(DATA TO PROCESS Opens)
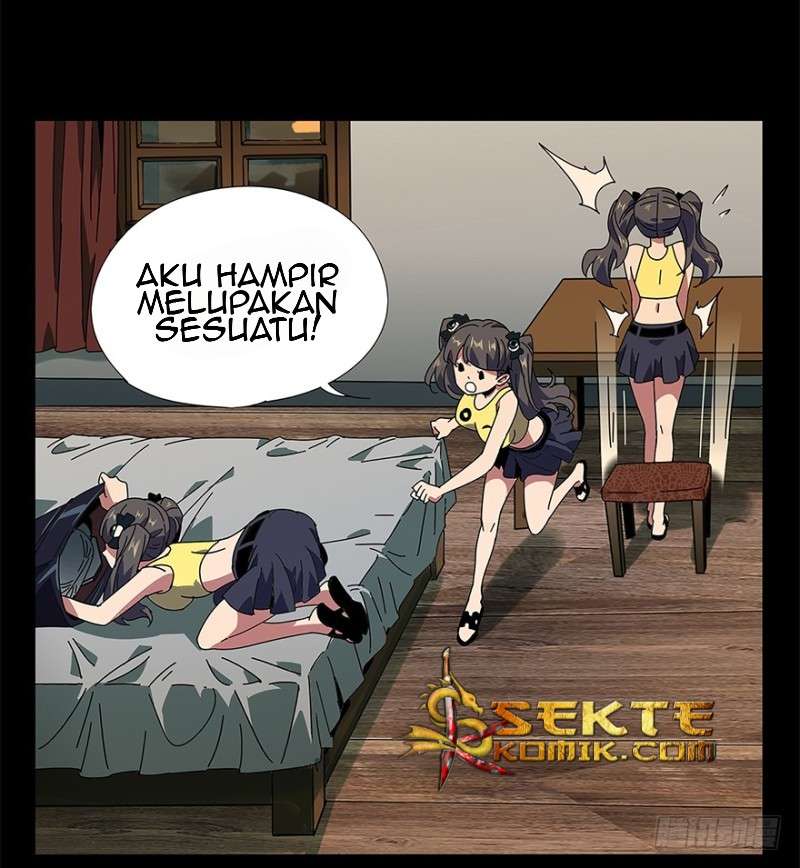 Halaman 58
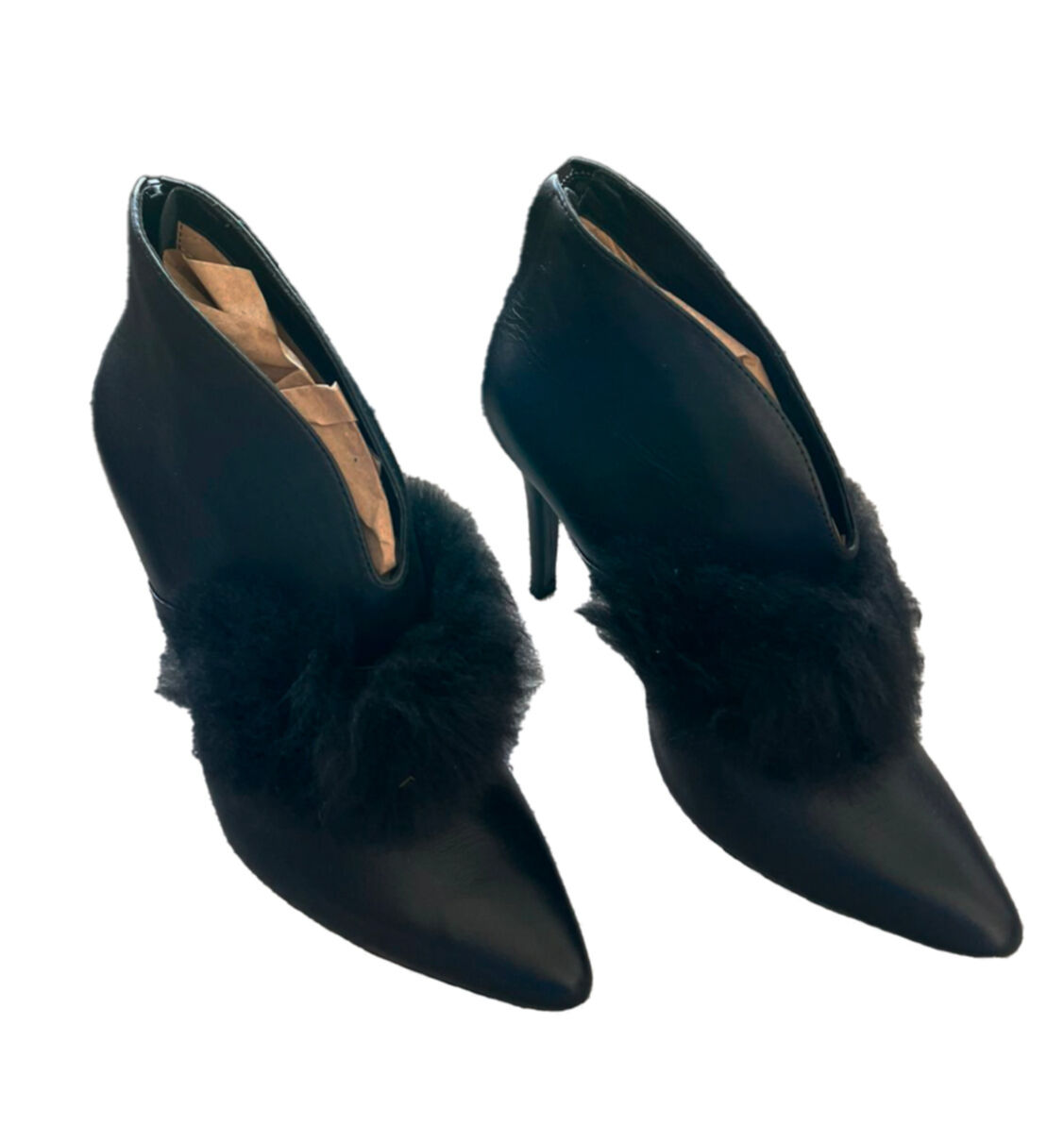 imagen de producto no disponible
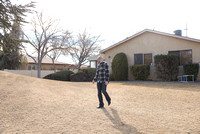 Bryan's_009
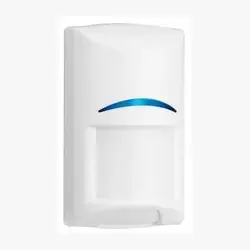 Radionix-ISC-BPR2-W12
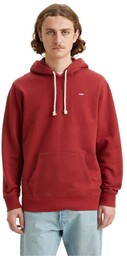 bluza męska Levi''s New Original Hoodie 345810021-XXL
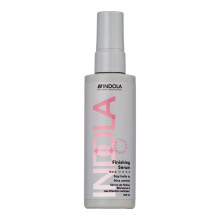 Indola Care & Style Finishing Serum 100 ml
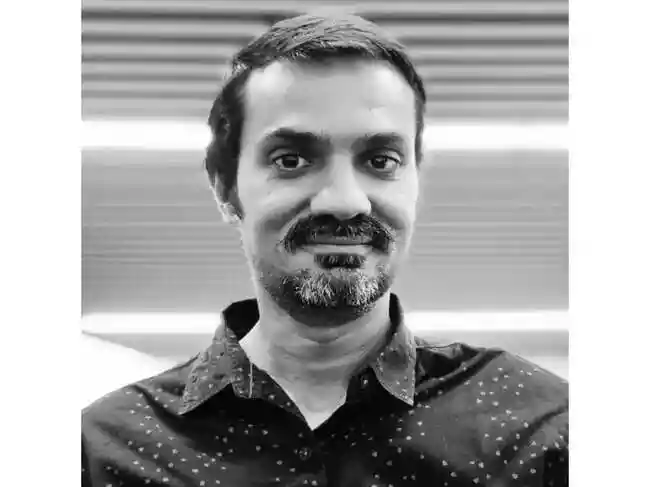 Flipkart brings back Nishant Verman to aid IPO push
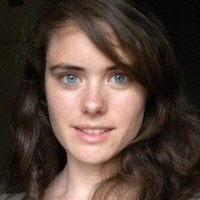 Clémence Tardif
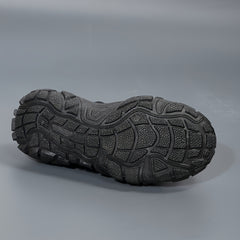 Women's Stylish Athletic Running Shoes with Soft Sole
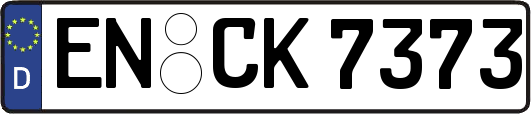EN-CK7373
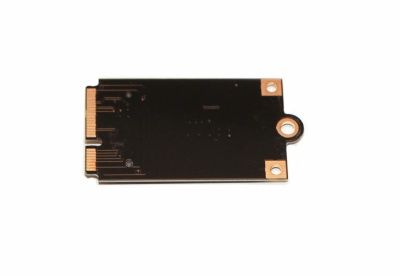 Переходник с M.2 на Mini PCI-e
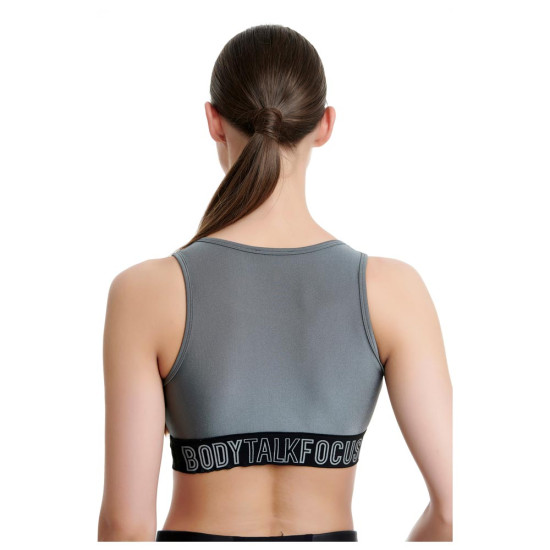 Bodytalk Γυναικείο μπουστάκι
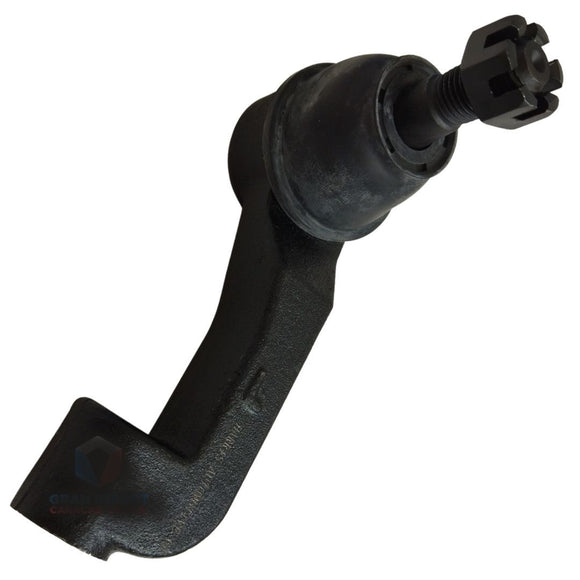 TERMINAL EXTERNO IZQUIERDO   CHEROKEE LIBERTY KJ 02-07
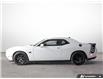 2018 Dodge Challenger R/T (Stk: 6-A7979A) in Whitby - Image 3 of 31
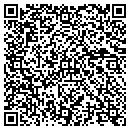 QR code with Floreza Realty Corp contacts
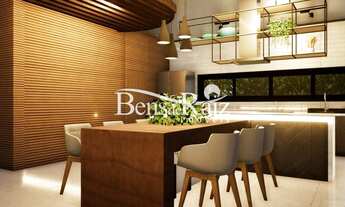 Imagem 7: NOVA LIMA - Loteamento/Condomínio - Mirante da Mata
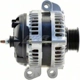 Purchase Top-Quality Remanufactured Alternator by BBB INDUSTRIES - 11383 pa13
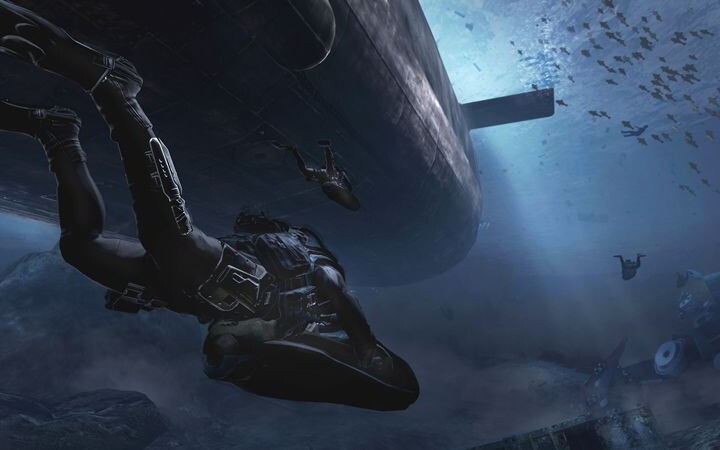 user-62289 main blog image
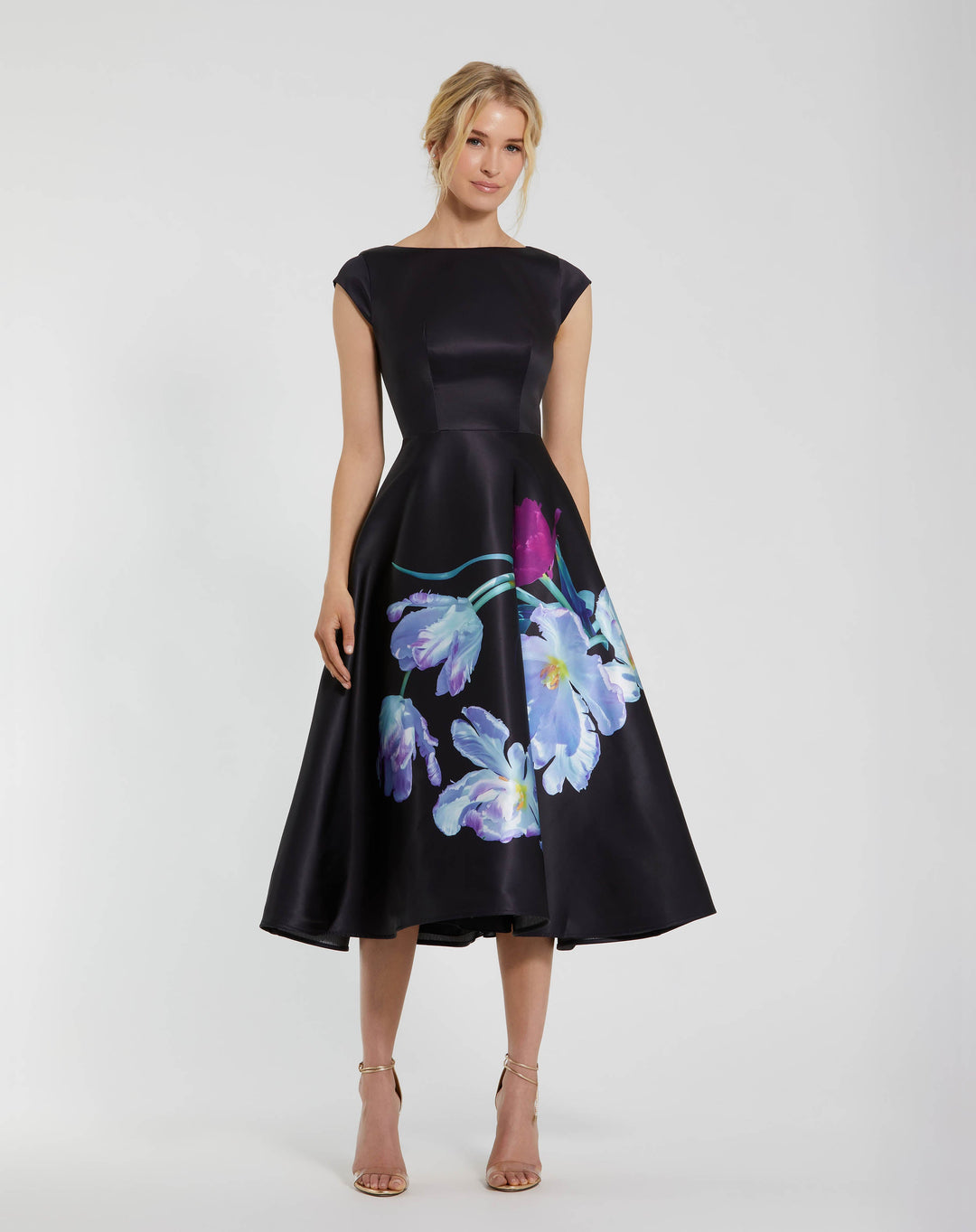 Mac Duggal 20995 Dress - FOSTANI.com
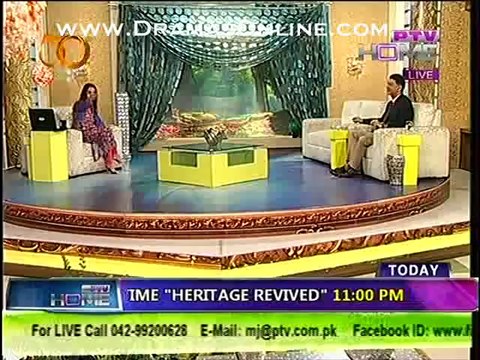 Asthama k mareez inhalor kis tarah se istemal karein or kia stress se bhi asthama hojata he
(DATA TO PROCESS Closes)
**TASK**
Set down again, exactly, every line above from the one with "Переходник с M.2 на Mini PCI-e" down to the one with "Imagem 7: NOVA", both ends included. No pictures, and nothing else.

**RESULT FOR THIS EXERCISE**
 Переходник с M.2 на Mini PCI-e
 Bodytalk Γυναικείο μπουστάκι
 TERMINAL EXTERNO IZQUIERDO   CHEROKEE LIBERTY KJ 02-07
 2018 Dodge Challenger R/T (Stk: 6-A7979A) in Whitby - Image 3 of 31
 QR code with Floreza Realty Corp contacts
 Imagem 7: NOVA LIMA - Loteamento/Condomínio - Mirante da Mata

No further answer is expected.